ところが日本政府は、伝統的に上記の日米安保第5条の規定を「アメリカが日本に対して救援軍を派遣する」といったニュアンスで説明している。あたかも安保条約適用領域内で、すなわち日本の領土領海ならびに日本が施政権を行使している領域内で、軍事衝突や戦争が生起した場合には、アメリカが軍隊を派遣して日本を救援することは「アメリカの義務」であるかのように喧伝しているのだ。

 さらに悪いことには、日本政府による手前勝手なニュアンスでの説明を、日本の多くのメディアが無批判に拡散させ続けている。その結果、この誤った解釈が日本国民の間に浸透してしまったのだ。
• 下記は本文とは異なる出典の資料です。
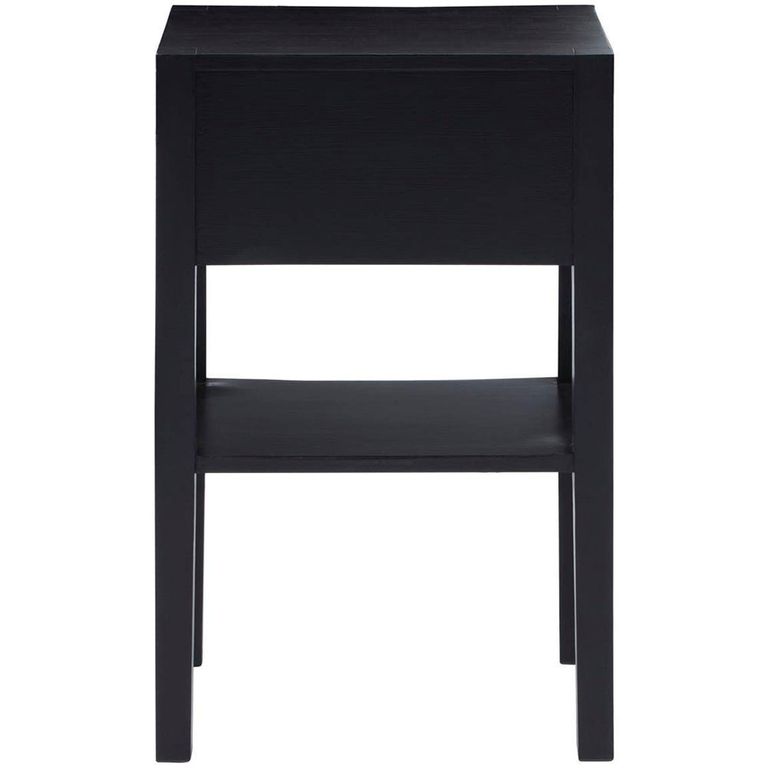 Corso Bedside Table - 1 Drawer - Black Wood and Rattan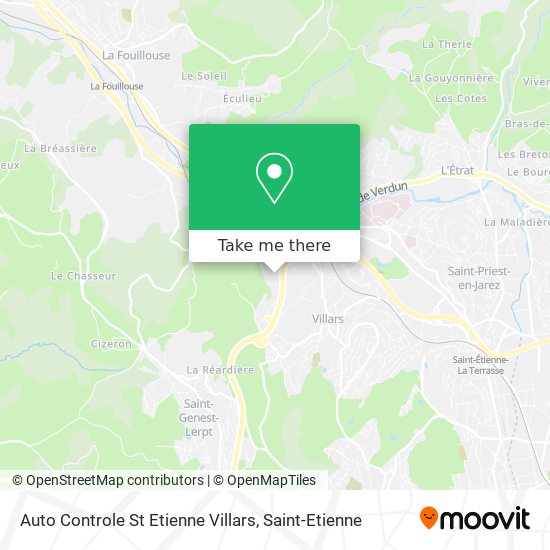 Auto Controle St Etienne Villars map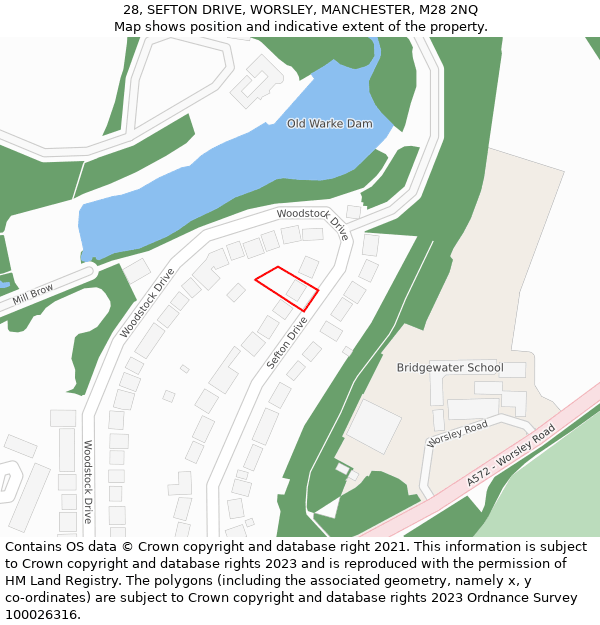 28, SEFTON DRIVE, WORSLEY, MANCHESTER, M28 2NQ: Location map and indicative extent of plot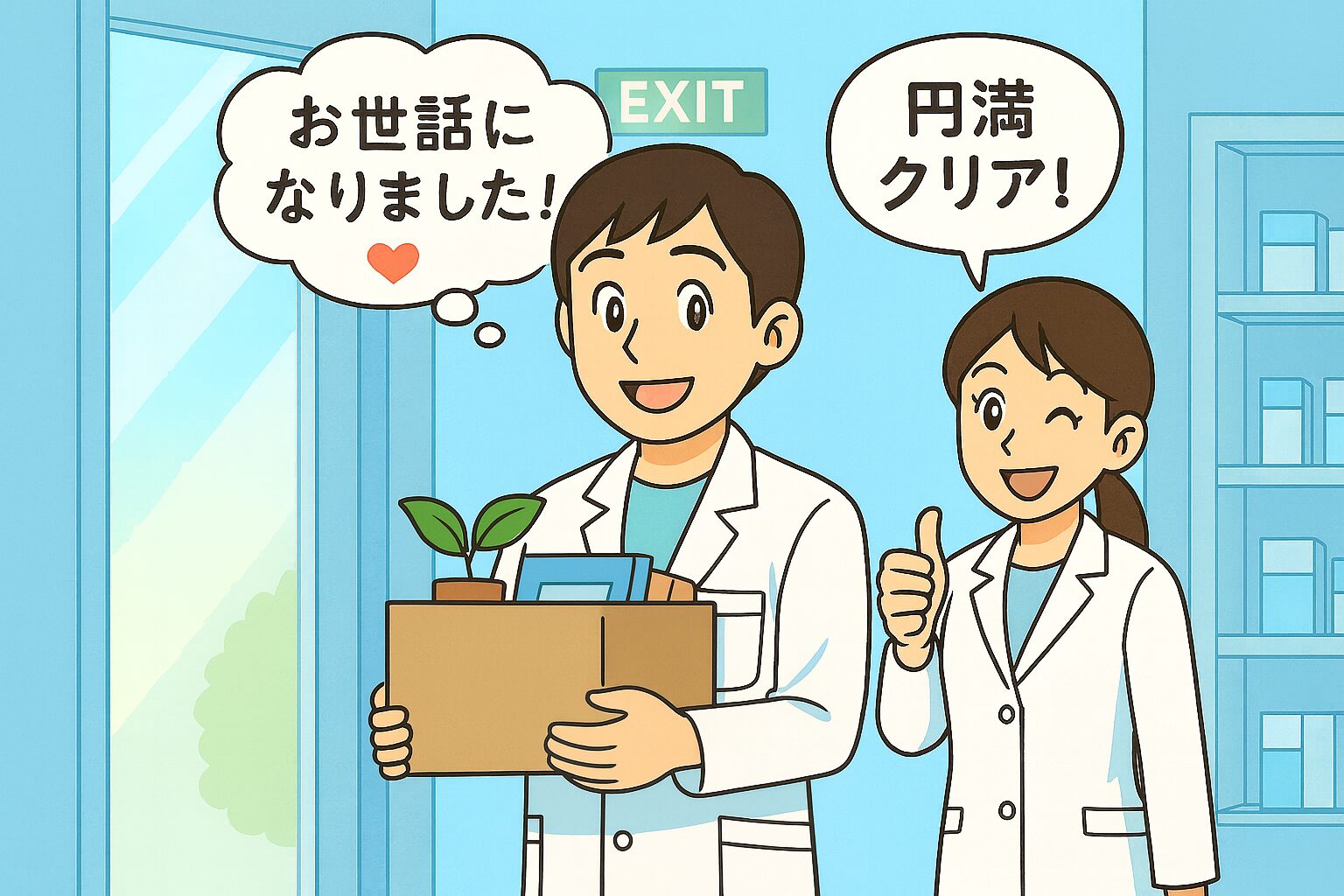 薬局の出口で、白衣姿のみなみさんが荷物を持ってスッキリした笑顔で退職している。隣で宝神さんが親指を立て「円満クリア！」と応援しており、みなみさんの心の吹き出しには「お世話になりました！」と描かれている。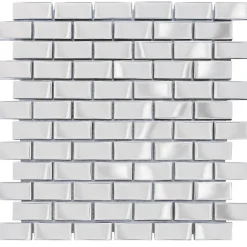 Casa Linéa MOSAIQUE LES TENDANCES BRIQUETTE CHROME 1 PLAQUE 30 x 30 CM CASA LINEA- Mosaïque Pour Pièce À Vivre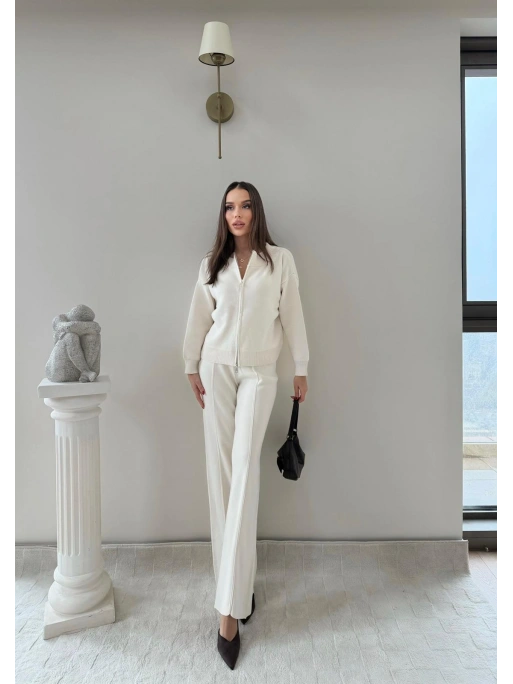 KAYIK YAKA ÇİFT FERMUARLI HIRKA VE PANTOLONLU TRİKO İKİLİ TAKIM KREM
このように日本において「アメリカの防衛義務」が広く信じられているのは異常な状態と言わざるを得ない。

トランプの“正当性”を後押しする日本メディア

 今回のトランプ大統領の発言をよく観察すると、「日本が軍事攻撃を受けた場合、アメリカは日本を守るであろう」といった表現をしている。日本で流布しているいい加減な解釈である「防衛義務」に近いニュアンスではあるが、「義務が課せられている」あるいは「守らなければならない」とは口にしてはいない。

 にもかかわらず、日本では「アメリカは防衛義務、日本は基地提供」といった表現が繰り返されている。これではトランプ大統領の「日本による防衛タダ乗り論」(これ自体、大いなる曲解に基づいた暴論であるのだが)の“正当性”を後押ししてしまうことになる。

 日本政府と日本のメディアは、日米安保条約ではアメリカの「防衛義務」ではなく「防衛の可能性」が規定されていることを、今こそ周知徹底させる義務がある。